=== Provided data ===

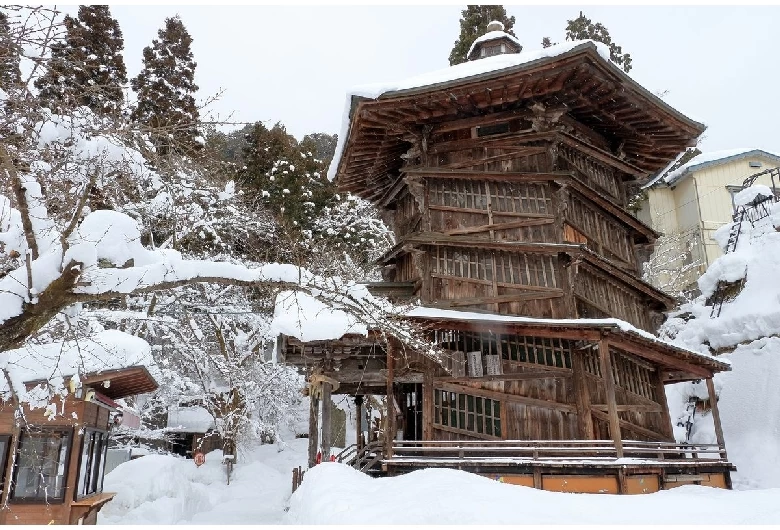 冬の会津さざえ堂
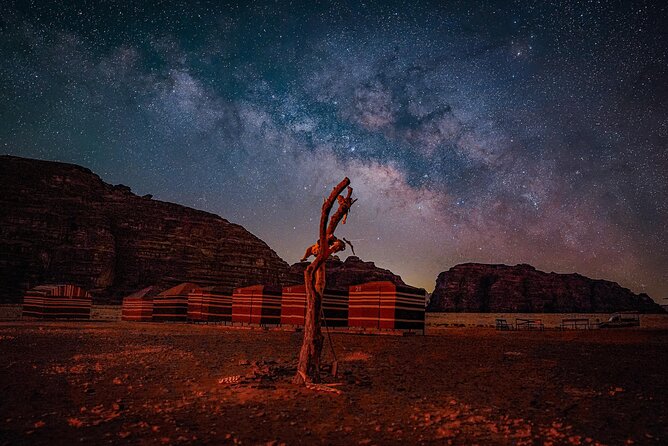 8-Hour Small Group Jeep Tour in Wadi Rum ( With Meal +Overnight ) - Group Size and Experience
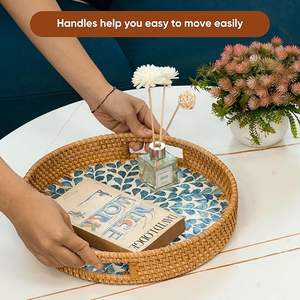 Venta al por mayor de cesta redonda de mimbre tejida a mano ecológica con diseño de nácar de solución de almacenamiento de decoración creativa para servir de Vietnam - Product Image 4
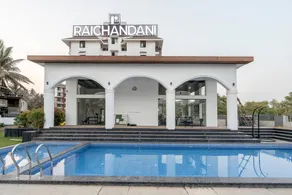 Mirage | 1BHK | Beach | Pool - Image 4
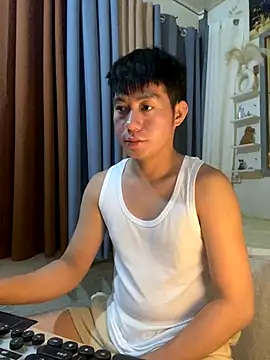 xshyboyx online show from January 2026 02:55:02 PM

===

Copy out the entries verbatim, but skip every picture.

Expected answer:
 冬の会津さざえ堂
 8-Hour Small Group Jeep Tour in Wadi Rum ( With Meal +Overnight ) - Group Size and Experience
 Venta al por mayor de cesta redonda de mimbre tejida a mano ecológica con diseño de nácar de solución de almacenamiento de decoración creativa para servir de Vietnam - Product Image 4
 Mirage | 1BHK | Beach | Pool - Image 4
 xshyboyx online show from January 2026 02:55:02 PM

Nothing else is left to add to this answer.